The sex suffusing the film isn't just in dialogue. Yvette spends the entire film in a preposterous French maid outfit, and Miss Scarlet's dress hugs her curves so closely it's a wonder she can breathe. The film has been criticized on occasion for catering to the male gaze, and it certainly does that—Professor Plum slides his hand to Miss Scarlet's rear, much to her disgust, and the heterosexual men surge around Yvette whenever they have the chance. But the gaze is hardly restricted to a single straight channel. White and Yvette have a charged moment of recognition—and since White murders husbands, when she murders Yvette, there's a sexual implication. Scarlett checks out Yvette's bosom and asks her at dinner what she's keeping warm; the line between the professional madam evaluating charms and simply evaluating charms is deliberately blurred. And every scene with Mr. Green and other men is played for sexual connotations, as men move away from him on the couch.

Each of the three endings concludes with the police galumphing onto the scene to a fanfare of triumphal music. Mysteries are revealed, order is restored, the queer party, with its disordered and excessive passion, is broken up. All the actors put down their parts—supposedly. But the restoration of order is also presented as a campy goof; the FBI agent in charge originally adopts the persona of a Jehovah's Witness warning against sin, and a phone call from J. Edgar Hoover is a reminder that the FBI chief had his own secrets.

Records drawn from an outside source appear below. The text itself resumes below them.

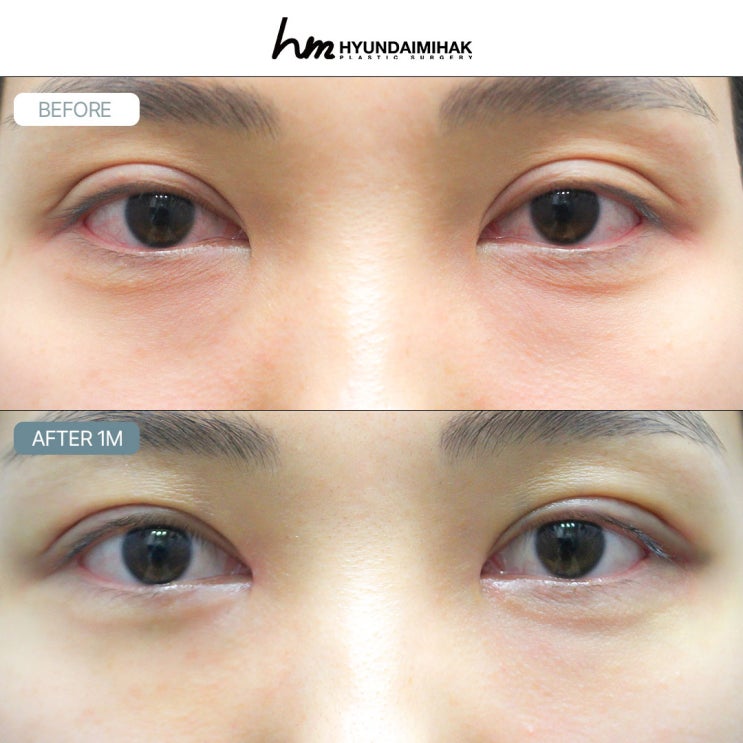 Tổng hợp đánh giá phẫu thuật chỉnh sửa mắt: Những điểm mấu chốt để thành công từ Thẩm mỹ Hyundai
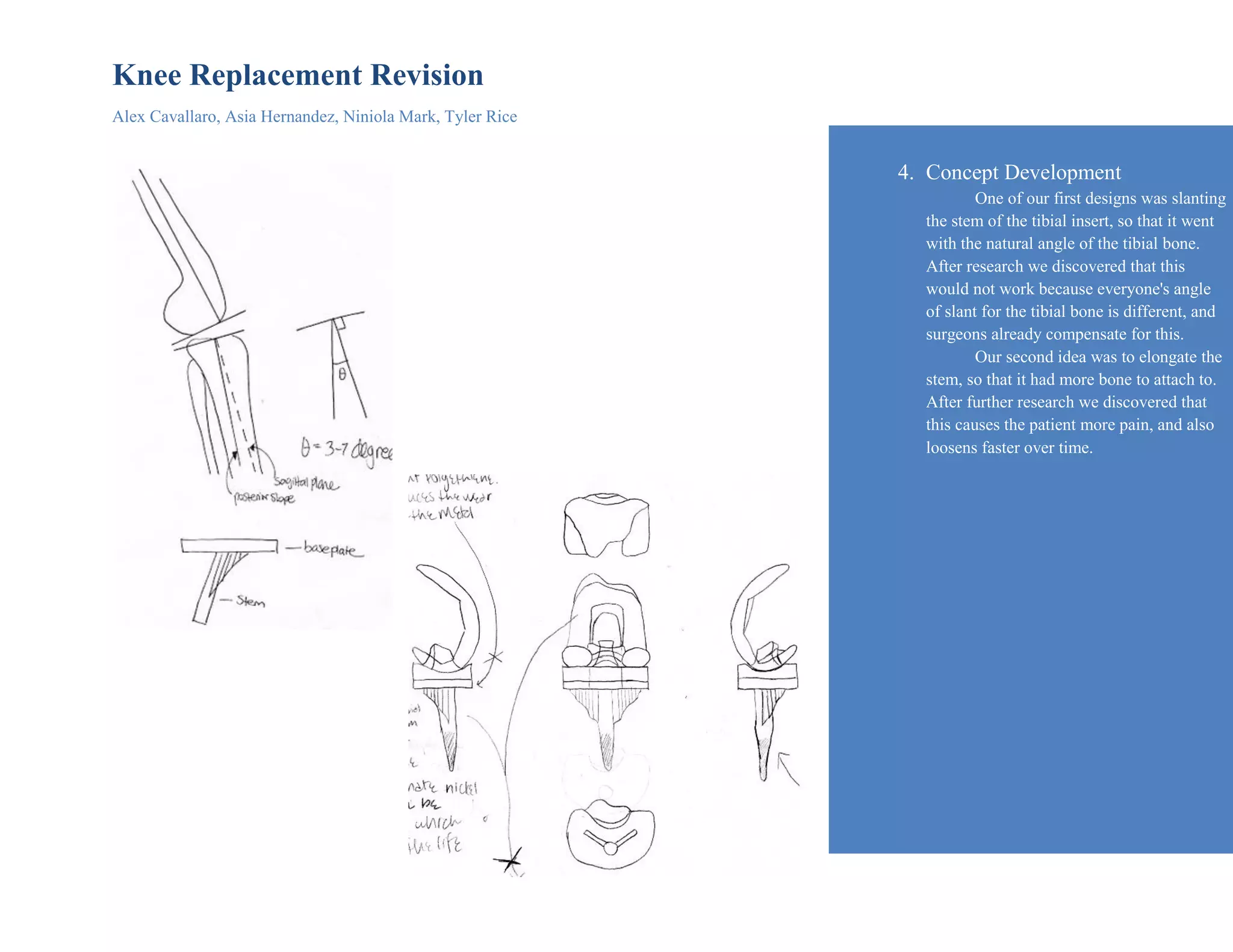 Knee Replacement Revision
Alex Cavallaro, Asia Hernandez, Niniola Mark, Tyler Rice
4. Concept Development
One of our first designs was slanting
the stem of the tibial insert, so that it went
with the natural angle of the tibial bone.
After research we discovered that this
would not work because everyone's angle
of slant for the tibial bone is different, and
surgeons already compensate for this.
Our second idea was to elongate the
stem, so that it had more bone to attach to.
After further research we discovered that
this causes the patient more pain, and also
loosens faster over time.
 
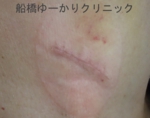 千葉　船橋　しこり　腫瘍　腫瘤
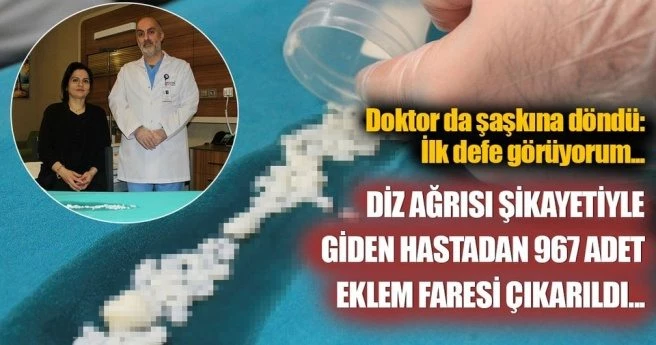 KADIN HASTANIN DİZLERİNDEN 967 TANE EKLEM FARESİ ÇIKTI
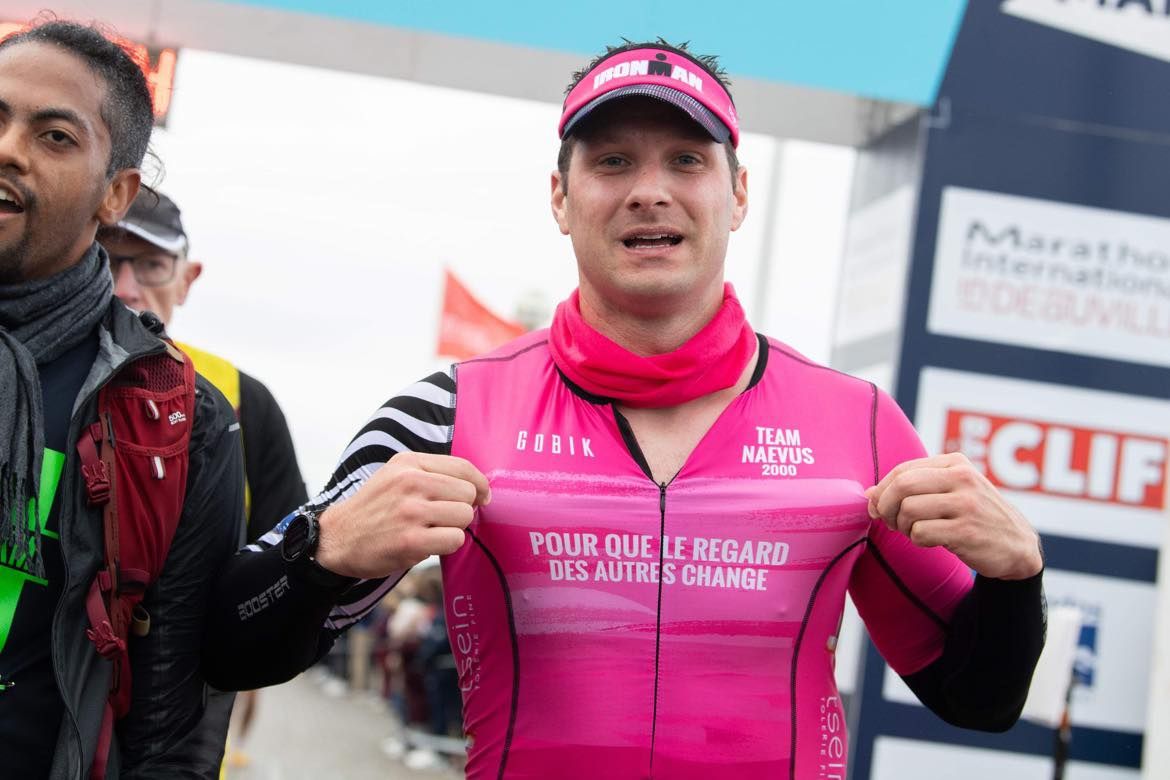 Naevus géant : association naevus 2000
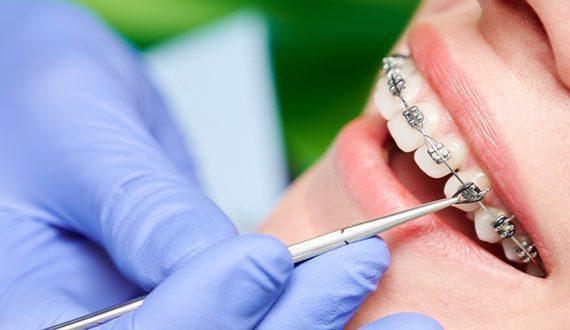 ORTHODONTICS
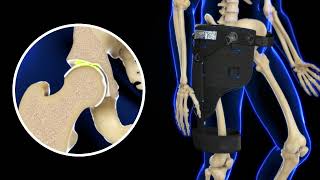 DonJoy EXCYABIR Hip Brace How it Works  Hip OA [upl. by Odlanir]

If you've got three endings, you've actually got no ending. When the police show up once, the law is victorious; when they show up three times, it seems like carelessness. Communism is a red herring, the actors announce three times in three different endings—but with so many red herrings, you have to wonder if the anti-Communist forces of light are a red herring too. Clue encourages you to imagine a possible alternate closing, in which the sex workers, the gay people, the socialist fellow-travelers, and the vengeful feminists don't get rounded up, but get to keep acting and partying forever. In Clue exposing secrets leads to repression and justice, three times. But that's pretend.